The Adam Project
- Director: Shawn Levy
- Writers: Jonathan Tropper, TS Nowlin, Jennifer Flackett, Mark Levin
- Starring: Ryan Reynolds, Walker Scobell, Jennifer Garner, Zoe Saldaña, Mark Ruffalo, Catherine Keener
Grade: C+
The Adam Project marks the second film in as many years featuring director Shawn Levy and Ryan Reynolds, after 2021’s Free Guy. This familiarity certainly helps the film in how it utilizes its polarizing star, but doesn’t ultimately save it from familiar sci-fi conventions. I’ll always give points to big-budget* action/sci-fi films that aren’t based on some pre-existing IP, but what holds the film back is its inability to distinguish itself from other films in the same genre.
*Since this is a Netflix film, no budget numbers for The Adam Project are readily available, but based purely on its star power, and the extensive use of CGI, it’s a film that couldn’t have been terribly cheap to make.

Using the concept of time travel to explore lost connections or to rekindle familial relationships is nothing new for film, and this is the primary driving force of The Adam Project. Reynolds stars as Adam Reed (no, not the creator of Archer) in 2050, a world that is reportedly “like Terminator 2 on a good day”. He travels back to 2022, where his younger self, played by Walker Scobell, is a bullied 12-year old living with his single mom (Jennifer Garner). Reynolds’ snarky shtick has helped and hindered many a project in which he’s starred, and a film that doubles down on this with a younger version of him is surely a recipe for disaster, yet somehow Levy doesn’t lean too heavily into what makes Reynolds occasionally so punchable. In his first acting role, Scobell does a decent job at imitating Reynold’s signature attitude. And at least some credit is due for using Adam’s snarky-ness primarily as a defense mechanism after experiencing trauma, rather than a shallow character trait.

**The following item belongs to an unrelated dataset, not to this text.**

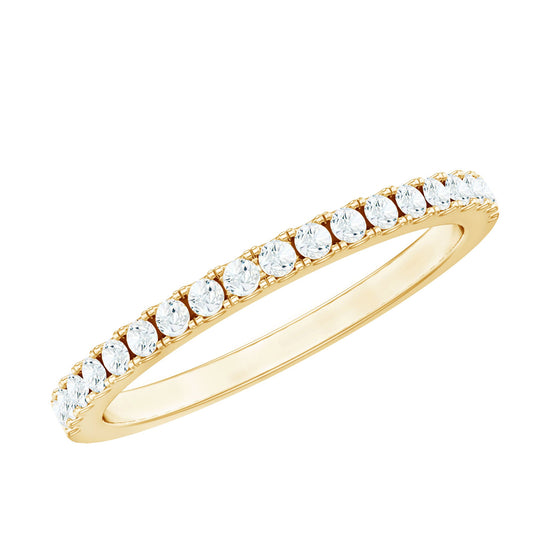 Certified Moissanite Simple Half Eternity Ring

While the final version of the script is credited to Jonathan Tropper, the project has been gestating since 2012, when Tom Cruise was originally attached to star. The film works best when it becomes a kind of coming-of-age story between the older and younger versions of Adam. Reynolds and Scobell have decent chemistry together, and their comiserration over their deceased father, their difficult upbringing, and their mother’s grief, are the film’s best scenes.

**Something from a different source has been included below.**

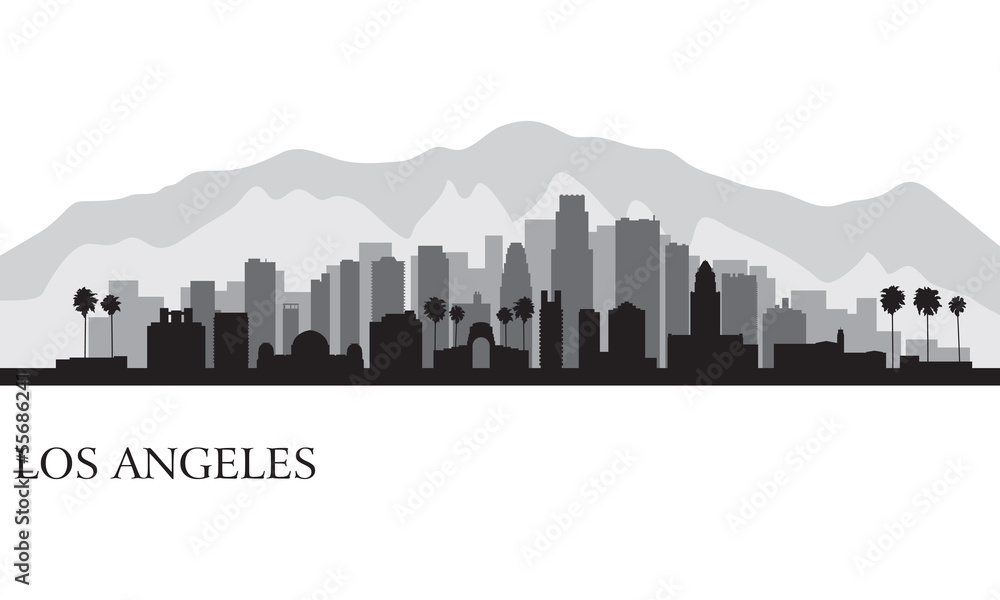 Los Angeles city skyline detailed silhouette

Padding out the overly-qualified cast list is Zoe Saldaña as Reynolds’ wife from the future, whom he assumed was dead, and Mark Ruffalo as Adam’s father, a scientist who’s wholly responsible for making time travel possible. And, in one of the film’s more disastrous decisions, Catherine Keener appears as Ruffalo’s business partner twice, once as her future iteration, and once as a digitally de-aged 2018 version. Keener is a capable, engaging actress, and has done fine work in villainous roles, but she never feels like she’s fully invested in the material. Not that she has much to work with here; her primary function is essentially to be an Evil Corporate Type.
Action scenes are dynamic, and the futuristic weapons and vehicles look great. For as much flack as Netflix rightfully receives for its rigid cinematography compression, The Adam Project looks great overall. Much like in Free Guy, Levy knows how to stage an action set piece. Though he’s been directing films since 1997, it feels like Levy just needs to find a script worthy of his talents in order to stand out as an action filmmaker. The Adam Project is destined to make an impact on Netflix in a March that’s relatively starved for big streaming content. Whether or not it stands out in its genre, or amongst Netflix’s rapidly increasing library, is another story.
The Adam Project will be available to stream on Netflix on March 11, 2022.
- If Free Guy can land a visual effects nomination, there’s hope yet for The Adam Project. Beyond that, don’t get your hopes up.